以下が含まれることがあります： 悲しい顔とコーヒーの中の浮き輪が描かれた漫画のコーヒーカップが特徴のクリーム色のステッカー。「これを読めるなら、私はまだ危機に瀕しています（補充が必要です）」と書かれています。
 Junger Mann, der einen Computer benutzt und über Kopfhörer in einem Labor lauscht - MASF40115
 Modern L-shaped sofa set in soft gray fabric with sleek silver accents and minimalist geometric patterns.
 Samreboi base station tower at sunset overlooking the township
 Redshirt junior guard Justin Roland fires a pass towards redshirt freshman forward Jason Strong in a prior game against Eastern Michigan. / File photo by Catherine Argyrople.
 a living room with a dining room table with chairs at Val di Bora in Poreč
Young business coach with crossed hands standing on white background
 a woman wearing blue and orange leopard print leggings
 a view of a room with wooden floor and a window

== EXERCISE BRIEF ==
From the data above, copy every line where "with" appears.

== ANSWER FOR THE TASK ==
 Modern L-shaped sofa set in soft gray fabric with sleek silver accents and minimalist geometric patterns.
 a living room with a dining room table with chairs at Val di Bora in Poreč
Young business coach with crossed hands standing on white background
 a view of a room with wooden floor and a window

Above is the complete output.